I can’t add much more to this devastating article on the horrors of the Great Leap forward. I’ve never read anything about it that was quite this brutal, and suggest you read the whole thing.

For those who argue it was a natural famine the government couldn’t control, it will be particularly enlightening.

In the summer of 1962, for instance, the head of the Public Security Bureau in Sichuan sent a long handwritten list of casualties to the local boss, Li Jingquan, informing him that 10.6 million people had died in his province from 1958 to 1961. In many other cases, local party committees investigated the scale of death in the immediate aftermath of the famine, leaving detailed computations of the scale of the horror.

In all, the records I studied suggest that the Great Leap Forward was responsible for at least 45 million deaths.

Between 2 and 3 million of these victims were tortured to death or summarily executed, often for the slightest infraction.
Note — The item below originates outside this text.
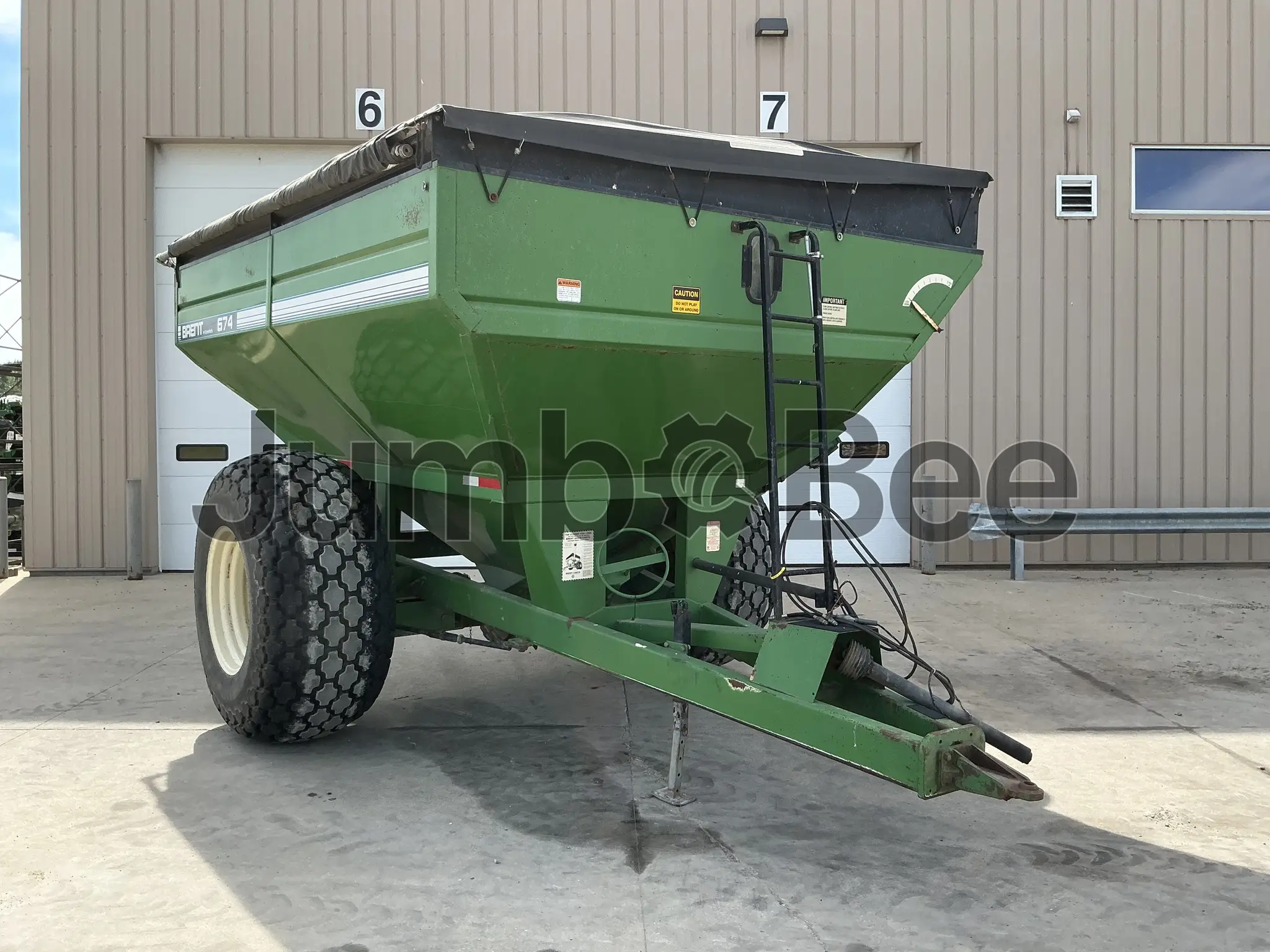 Brent 674 1997 - Usado en Venta — foto 1 de 8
People accused of not working hard enough were hung and beaten; sometimes they were bound and thrown into ponds. Punishments for the least violations included mutilation and forcing people to eat excrement.

One report dated Nov. 30, 1960, and circulated to the top leadership — most likely including Mao — tells how a man named Wang Ziyou had one of his ears chopped off, his legs tied up with iron wire and a 10-kilo stone dropped on his back before he was branded with a sizzling tool. His crime: digging up a potato.

When a boy stole a handful of grain in a Hunan village, the local boss, Xiong Dechang, forced his father to bury his son alive on the spot.

And it gets worse. Really. And please don’t say Mao didn’t know.

Mao was sent many reports about what was happening in the countryside, some of them scribbled in longhand. He knew about the horror, but pushed for even greater extractions of food.

At a secret meeting in Shanghai on March 25, 1959, he ordered the party to procure up to one-third of all the available grain — much more than ever before. The minutes of the meeting reveal a chairman insensitive to human loss: “When there is not enough to eat people starve to death. It is better to let half of the people die so that the other half can eat their fill.”

I applaud China’s post-Mao leaders for ending most aspects of Maoism and seeing that starvation in China came to an end. Thank God Deng won the day. But isn’t it time to let the Chinese people know the truth? As the column says, the government has unclassified huge vaults of documents on the period and many Chinese scholars and researchers know the truth. But alas, their books and reports can only be published in Hong Kong.